Existe ese lugar común al que todos vamos cuando no tenemos ganas de pensar, que dice que "antes las cosas eran distintas". La comodidad de esta clase de frases proviene de cierta atrofia intelectual, ya que no requieren razonamiento alguno; se repiten como un mantra, se articulan como una secuencia automática de palabras, del mismo modo en que uno se cepilla los dientes por la mañana. Muchas veces se la utiliza para referirse a la juventud, a la cual se la critica por pasar horas y horas al bronceado seguro de los rayos catódicos, mientras la vida transcurre en algún lugar.

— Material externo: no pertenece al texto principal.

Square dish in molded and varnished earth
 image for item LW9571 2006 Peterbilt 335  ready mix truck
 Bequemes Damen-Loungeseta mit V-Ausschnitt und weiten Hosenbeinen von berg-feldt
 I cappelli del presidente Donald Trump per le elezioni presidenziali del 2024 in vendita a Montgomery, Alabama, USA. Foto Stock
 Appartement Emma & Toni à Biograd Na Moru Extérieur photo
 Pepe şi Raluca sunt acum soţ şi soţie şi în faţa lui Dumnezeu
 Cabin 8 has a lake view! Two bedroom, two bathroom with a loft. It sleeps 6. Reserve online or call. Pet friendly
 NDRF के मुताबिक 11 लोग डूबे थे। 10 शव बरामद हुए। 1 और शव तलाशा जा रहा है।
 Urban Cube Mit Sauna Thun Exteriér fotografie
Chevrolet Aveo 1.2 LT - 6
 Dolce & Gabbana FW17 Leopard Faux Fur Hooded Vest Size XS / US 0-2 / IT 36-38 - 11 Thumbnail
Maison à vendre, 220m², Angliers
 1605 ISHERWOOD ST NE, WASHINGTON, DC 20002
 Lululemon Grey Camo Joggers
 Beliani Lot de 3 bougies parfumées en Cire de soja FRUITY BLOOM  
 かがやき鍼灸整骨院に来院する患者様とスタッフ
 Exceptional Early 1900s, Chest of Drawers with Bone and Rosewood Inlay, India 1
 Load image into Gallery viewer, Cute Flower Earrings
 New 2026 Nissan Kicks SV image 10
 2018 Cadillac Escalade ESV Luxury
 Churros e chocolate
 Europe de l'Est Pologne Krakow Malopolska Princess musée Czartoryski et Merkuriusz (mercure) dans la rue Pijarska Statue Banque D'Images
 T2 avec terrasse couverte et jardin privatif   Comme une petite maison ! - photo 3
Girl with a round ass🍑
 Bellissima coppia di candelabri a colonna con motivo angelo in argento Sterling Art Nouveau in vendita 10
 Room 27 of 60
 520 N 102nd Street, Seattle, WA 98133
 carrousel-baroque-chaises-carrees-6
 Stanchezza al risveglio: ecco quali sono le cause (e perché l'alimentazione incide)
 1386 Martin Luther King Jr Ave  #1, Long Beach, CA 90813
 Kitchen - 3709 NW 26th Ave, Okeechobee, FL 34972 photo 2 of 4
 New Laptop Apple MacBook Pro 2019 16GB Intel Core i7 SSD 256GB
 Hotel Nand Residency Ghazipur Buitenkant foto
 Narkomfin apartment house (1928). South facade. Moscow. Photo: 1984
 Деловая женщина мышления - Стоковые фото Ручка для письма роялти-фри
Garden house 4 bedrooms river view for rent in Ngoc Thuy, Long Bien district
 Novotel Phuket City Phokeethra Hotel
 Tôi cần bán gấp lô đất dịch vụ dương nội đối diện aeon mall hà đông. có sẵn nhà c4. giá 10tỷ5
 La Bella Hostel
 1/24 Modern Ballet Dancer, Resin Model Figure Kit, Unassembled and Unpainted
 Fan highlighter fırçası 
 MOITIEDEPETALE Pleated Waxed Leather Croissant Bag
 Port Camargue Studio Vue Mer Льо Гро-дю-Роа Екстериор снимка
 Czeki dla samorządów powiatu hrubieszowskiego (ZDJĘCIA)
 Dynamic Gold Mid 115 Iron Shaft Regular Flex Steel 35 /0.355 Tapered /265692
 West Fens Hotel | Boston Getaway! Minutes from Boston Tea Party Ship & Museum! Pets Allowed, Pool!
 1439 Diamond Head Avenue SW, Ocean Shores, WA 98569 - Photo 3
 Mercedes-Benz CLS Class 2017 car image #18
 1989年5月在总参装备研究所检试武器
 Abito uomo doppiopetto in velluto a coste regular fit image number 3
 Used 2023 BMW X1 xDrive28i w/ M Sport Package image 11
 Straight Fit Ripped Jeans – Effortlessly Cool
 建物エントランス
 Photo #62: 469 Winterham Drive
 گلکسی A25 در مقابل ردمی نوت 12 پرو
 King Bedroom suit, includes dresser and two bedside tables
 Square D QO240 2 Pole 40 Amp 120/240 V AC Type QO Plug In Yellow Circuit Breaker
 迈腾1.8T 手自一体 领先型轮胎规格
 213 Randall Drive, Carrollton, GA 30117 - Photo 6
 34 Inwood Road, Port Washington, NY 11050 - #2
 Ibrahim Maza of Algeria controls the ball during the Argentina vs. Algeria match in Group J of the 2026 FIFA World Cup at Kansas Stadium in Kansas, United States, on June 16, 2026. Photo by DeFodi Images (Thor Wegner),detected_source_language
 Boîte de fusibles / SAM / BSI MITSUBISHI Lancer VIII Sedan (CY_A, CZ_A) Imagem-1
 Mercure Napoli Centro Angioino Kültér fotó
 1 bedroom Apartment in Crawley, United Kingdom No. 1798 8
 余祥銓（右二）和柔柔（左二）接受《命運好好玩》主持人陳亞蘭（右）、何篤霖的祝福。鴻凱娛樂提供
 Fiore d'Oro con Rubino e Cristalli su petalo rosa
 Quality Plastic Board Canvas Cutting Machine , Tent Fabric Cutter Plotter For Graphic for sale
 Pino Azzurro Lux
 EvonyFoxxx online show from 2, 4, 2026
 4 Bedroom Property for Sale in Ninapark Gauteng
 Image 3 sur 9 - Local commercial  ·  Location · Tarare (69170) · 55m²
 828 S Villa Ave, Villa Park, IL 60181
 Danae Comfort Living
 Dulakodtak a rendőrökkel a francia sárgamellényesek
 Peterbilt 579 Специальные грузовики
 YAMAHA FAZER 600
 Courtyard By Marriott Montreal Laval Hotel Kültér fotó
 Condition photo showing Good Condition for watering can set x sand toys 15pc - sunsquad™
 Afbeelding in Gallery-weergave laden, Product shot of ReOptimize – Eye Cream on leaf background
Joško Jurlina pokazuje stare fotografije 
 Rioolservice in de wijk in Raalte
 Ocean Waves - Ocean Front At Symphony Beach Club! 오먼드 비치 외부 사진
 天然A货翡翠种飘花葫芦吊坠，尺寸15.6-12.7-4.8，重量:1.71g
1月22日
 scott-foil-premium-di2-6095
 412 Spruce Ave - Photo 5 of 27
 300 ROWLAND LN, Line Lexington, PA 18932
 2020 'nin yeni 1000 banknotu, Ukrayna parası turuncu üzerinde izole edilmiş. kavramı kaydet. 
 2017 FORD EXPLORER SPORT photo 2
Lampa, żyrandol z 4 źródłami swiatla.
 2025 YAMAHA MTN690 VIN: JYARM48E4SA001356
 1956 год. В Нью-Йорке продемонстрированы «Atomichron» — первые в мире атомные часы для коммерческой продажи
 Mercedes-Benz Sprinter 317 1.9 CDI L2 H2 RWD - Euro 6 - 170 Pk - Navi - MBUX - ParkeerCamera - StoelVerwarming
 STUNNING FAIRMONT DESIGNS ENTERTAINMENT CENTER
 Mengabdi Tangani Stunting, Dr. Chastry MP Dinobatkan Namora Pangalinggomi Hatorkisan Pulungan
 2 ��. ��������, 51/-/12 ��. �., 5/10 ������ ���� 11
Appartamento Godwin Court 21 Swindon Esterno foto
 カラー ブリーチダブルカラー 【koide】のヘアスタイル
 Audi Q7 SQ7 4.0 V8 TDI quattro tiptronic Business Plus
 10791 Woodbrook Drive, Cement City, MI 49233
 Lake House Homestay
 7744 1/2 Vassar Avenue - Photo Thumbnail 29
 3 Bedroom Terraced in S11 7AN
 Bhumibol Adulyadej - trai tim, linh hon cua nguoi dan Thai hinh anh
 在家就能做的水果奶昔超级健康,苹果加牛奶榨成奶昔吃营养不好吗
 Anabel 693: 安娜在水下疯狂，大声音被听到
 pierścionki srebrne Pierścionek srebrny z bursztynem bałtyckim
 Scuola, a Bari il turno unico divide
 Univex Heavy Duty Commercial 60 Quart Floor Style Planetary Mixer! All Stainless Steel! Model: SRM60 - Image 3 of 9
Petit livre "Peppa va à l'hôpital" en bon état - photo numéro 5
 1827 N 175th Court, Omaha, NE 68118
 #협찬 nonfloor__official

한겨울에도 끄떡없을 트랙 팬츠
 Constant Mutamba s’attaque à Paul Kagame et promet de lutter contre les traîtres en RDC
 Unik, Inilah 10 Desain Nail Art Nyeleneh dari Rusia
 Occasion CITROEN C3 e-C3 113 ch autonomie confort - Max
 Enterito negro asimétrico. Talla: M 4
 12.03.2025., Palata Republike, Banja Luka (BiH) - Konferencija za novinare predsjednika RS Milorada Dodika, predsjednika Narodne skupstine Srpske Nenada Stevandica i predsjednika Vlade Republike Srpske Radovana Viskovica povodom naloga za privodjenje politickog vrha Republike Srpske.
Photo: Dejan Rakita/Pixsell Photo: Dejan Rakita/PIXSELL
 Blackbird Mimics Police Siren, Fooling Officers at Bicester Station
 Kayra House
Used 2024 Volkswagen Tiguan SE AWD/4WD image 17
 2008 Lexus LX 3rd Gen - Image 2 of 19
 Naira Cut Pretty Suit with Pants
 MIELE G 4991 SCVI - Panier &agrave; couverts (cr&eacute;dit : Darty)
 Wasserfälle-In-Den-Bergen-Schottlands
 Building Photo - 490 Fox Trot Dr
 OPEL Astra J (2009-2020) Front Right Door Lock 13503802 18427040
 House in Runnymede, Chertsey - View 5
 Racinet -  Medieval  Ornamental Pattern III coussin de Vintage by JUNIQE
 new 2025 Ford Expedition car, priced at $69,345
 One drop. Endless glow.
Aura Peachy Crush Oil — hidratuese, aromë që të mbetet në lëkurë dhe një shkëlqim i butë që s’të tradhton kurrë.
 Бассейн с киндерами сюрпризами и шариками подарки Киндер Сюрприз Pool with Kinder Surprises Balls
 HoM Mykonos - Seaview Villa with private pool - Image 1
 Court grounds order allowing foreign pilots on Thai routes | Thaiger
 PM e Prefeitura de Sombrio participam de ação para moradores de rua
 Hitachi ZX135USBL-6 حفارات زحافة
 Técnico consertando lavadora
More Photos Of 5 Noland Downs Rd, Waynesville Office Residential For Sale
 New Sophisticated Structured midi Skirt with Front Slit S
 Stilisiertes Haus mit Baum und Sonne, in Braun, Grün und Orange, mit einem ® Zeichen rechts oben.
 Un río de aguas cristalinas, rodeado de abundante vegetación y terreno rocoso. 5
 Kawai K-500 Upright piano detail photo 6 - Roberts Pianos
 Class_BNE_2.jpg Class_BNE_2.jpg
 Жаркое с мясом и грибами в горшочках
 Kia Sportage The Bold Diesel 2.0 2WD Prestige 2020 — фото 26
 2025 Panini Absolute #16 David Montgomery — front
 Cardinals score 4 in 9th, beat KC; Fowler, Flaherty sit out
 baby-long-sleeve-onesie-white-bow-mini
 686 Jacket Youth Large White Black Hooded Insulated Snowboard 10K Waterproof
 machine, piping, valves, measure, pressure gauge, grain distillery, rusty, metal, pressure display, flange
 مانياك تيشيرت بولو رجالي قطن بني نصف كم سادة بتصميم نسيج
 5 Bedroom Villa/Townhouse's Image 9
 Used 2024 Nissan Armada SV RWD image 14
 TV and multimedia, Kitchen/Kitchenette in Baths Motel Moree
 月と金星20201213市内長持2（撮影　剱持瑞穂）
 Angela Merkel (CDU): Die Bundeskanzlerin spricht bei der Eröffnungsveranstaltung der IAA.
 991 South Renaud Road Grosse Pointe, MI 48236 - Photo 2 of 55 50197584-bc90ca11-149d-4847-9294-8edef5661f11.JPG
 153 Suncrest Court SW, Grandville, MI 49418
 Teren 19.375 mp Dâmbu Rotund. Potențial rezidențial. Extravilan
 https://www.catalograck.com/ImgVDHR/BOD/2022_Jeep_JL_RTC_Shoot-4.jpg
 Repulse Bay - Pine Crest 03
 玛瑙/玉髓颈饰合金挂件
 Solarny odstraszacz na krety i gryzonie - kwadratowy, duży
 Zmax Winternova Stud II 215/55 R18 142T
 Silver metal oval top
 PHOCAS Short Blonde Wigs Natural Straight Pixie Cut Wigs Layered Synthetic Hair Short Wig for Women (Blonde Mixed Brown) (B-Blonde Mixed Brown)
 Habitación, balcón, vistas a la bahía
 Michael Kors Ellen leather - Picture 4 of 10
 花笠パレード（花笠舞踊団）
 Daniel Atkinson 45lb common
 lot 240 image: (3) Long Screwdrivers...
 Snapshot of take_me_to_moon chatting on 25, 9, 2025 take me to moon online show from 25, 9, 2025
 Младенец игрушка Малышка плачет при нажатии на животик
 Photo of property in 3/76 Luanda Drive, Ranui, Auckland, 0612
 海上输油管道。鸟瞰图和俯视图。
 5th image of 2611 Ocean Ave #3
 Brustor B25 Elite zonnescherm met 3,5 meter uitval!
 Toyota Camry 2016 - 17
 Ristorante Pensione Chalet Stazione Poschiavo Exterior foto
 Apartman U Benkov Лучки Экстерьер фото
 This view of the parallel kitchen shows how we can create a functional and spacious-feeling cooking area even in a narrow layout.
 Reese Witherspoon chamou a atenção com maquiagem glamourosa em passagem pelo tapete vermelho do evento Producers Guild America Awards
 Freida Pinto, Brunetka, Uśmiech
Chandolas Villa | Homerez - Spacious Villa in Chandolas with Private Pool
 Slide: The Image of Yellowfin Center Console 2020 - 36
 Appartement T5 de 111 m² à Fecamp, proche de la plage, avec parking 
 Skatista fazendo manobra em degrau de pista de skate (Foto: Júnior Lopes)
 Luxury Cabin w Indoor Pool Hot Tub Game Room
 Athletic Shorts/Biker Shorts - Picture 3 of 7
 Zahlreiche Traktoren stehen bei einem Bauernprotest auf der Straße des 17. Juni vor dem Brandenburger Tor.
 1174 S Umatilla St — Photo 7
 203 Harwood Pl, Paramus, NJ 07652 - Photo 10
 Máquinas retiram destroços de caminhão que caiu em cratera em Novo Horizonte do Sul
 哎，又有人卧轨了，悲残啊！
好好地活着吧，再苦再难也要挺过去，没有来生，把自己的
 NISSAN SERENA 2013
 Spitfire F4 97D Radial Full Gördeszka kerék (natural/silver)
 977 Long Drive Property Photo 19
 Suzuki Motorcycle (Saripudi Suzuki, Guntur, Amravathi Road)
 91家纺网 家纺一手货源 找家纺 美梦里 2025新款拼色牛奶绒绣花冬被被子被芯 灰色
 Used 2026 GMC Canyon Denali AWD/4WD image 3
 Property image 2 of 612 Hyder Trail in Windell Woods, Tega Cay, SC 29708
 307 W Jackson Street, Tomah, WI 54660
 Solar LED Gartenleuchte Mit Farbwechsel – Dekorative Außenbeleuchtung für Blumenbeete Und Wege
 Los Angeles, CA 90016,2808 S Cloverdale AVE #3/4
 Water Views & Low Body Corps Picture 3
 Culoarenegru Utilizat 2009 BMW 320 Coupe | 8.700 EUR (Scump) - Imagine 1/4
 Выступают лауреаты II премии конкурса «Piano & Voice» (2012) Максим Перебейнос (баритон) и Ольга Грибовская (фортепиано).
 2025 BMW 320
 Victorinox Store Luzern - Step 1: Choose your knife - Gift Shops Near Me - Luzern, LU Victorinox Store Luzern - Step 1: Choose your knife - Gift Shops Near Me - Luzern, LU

Antes se leía más, se dice. Discutible. Es cierto que el bombardeo de estímulos era menor, pero no es menos cierto que también había alguien dispuesto a ceder parte de su tiempo en fomentar la lectura de los purretes; la literatura es como el bostezo, contagioso: sea por interés, o por imitación, uno termina chapoteando en un libro, pero para esto se requiere una referencia. Existen pocos actos más personales que regalar un libro a conciencia. Como muchos de mi generación, y de otras tantas anteriores, entre mis primeras lecturas más elaboradas cuento los libros de María Elena Walsh. Es el día de hoy que atesoro en un estante de mi biblioteca MI edición de "Dailan Kifki", completamente ajada, y en avanzado estado de desgüace. Todavía recuerdo ese verano empalagosamente caluroso en Buenos Aires cuando lo leí, soportando el ruido hipnótico de las chicharras. Fue el primer libro que me planteó esa hermosa dicotomía entre sopesar cada una de sus palabras y las ansias de querer terminarlo. Creo sinceramente que cualquiera que haya tenido la suerte de leer un libro de Walsh en su infancia se ve enriquecido, en el sentido menos material de la palabra, con una cuota extra de imaginación, de sensibilidad, que lo acompañará por el resto de sus días. Esa sí es una deuda difícil de pagar.